Tributes were paid to him from leading figures across the labour movement, led by the then Prime Minister Tony Blair who said: "He was a greatly respected trade union leader and a good friend. Despite leading his union at a difficult time he was always a strong supporter of the Labour Party. I have always been grateful for the support he gave me in difficult circumstances when I was employment spokesman when we were changing the party’s position on employment law. He will be sadly missed". Tony Woodley remarked: ""Ron carried the trade union flame throughout the darkest days of Thatcherism, leading the T&G in very difficult years with decency, integrity and commitment. Ron always put the members' interests first and remained rock solid to the union in his loyalty to the enduring values of the Labour movement. His passing will be mourned not just by his family and by trade unionists throughout Britain but also in South Africa where his campaigning commitment against apartheid will always be remembered. So too will be his unwavering commitment to nuclear disarmament". Brendan Barber, the then general secretary of the TUC said: "Ron Todd was a trade unionist of total integrity, passion and commitment to fairness for working people as well as having a deep commitment to the cause of peace". Ken Livingstone the then Mayor of London remarked: "Ron Todd was one of the most decent men I have ever met in public life. He was a man of absolute integrity, a giant of the trade union movement and everyone will miss him and his advice immensely. "Ron was a great ally in the London Labour Party and it was only because of his key role over many years that London Labour had such a radical agenda when we won the GLC elections in 1981. He was both a powerful advocate of the interests of working people and a kind and generous man". While Tony Benn said: 'He was a great campaigner for peace, a very principled man and a very likable man.'

His funeral was held at Dagenham & Redbridge F.C. Victoria Road ground on 10 May 2005. There was a London Bus laid on and trade unionists with their banners lined the streets. The Romford & District Royal Marines Association and the Royal Navy Association formed a guard of honour as his coffin entered the packed-out hall. Gordon Brown, John Prescott and Tony Benn were some of the recognisable faces among the many attendees.

== Legacy ==

Unite the Union London and Eastern branch office was named in his honour, as Ron Todd House.
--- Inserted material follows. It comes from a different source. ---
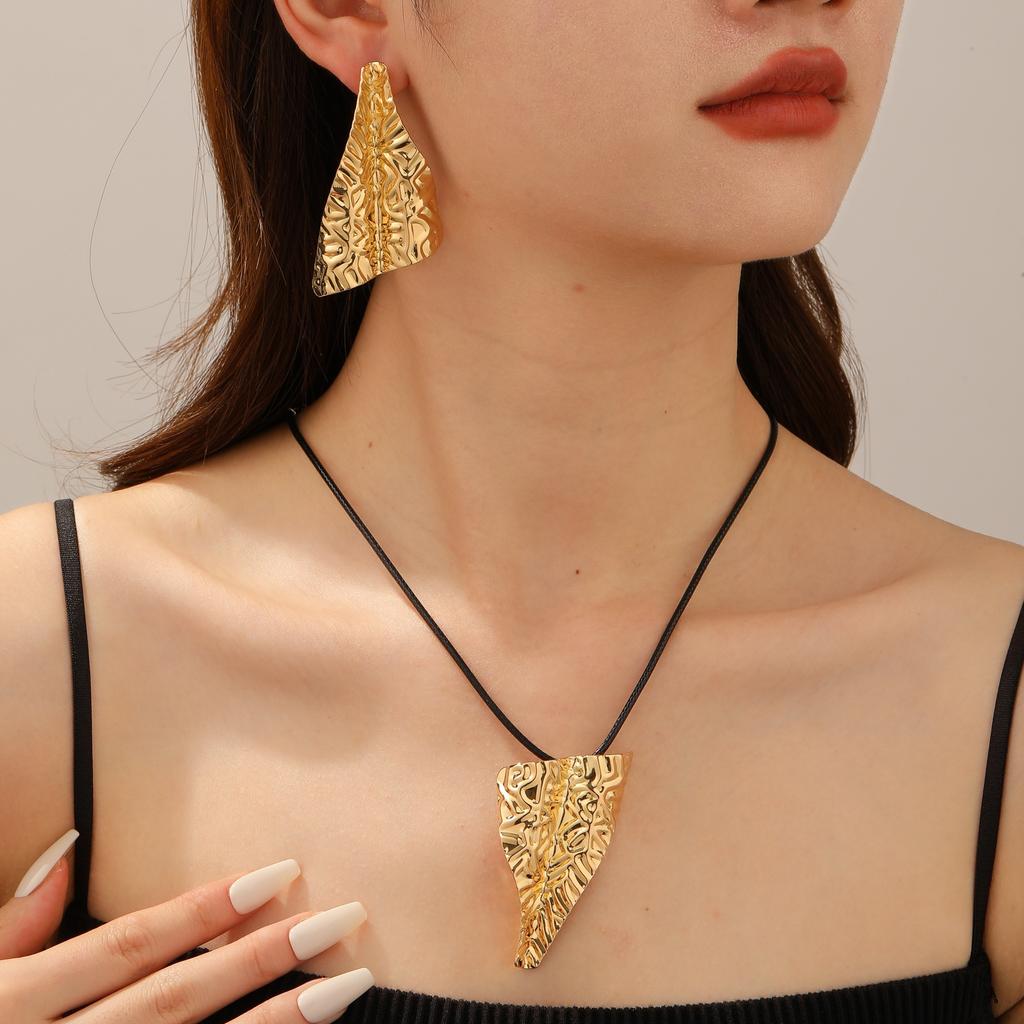 European and American jewelry, curled five-leaf stamen leather chain set, necklace, small fresh earrings chain, lava collarbone chain.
A street is named after him in Dagenham, Ron Todd Close.

There is an annual lecture in his memory called the Ron Todd Memorial Lecture.

A social enterprise called Community Court Yard was founded to further his principles and beliefs.
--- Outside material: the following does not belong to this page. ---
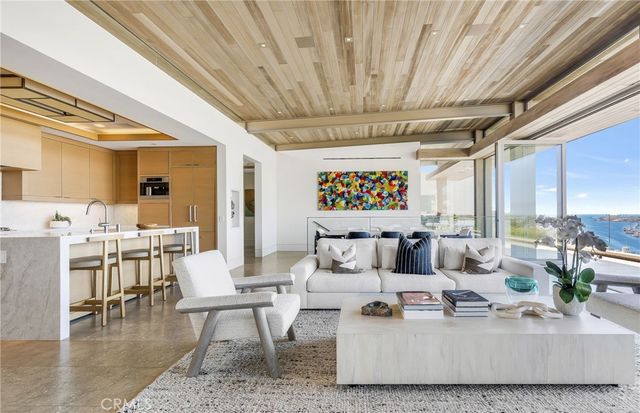 1231 Dolphin, Corona Del Mar, CA 92625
A registered charity called the Ron Todd Foundation continues to fight on the issues that were important to him, and to keep his memory alive.

=== Community Court Yard ===
Community Court Yard is a social enterprise founded by Ron Todd's family, and run by his grand daughter Bianca Todd. The organisation was founded on 7 July 2011.

=== Annual Ron Todd Memorial Lecture ===
The Ron Todd Memorial Lecture is an annual event put on by the Ron Todd Foundation in order to memorialise the work and life of Ron Todd. At the lecture the Ron Todd Awards are given out to individuals and groups that have contributed to their communities.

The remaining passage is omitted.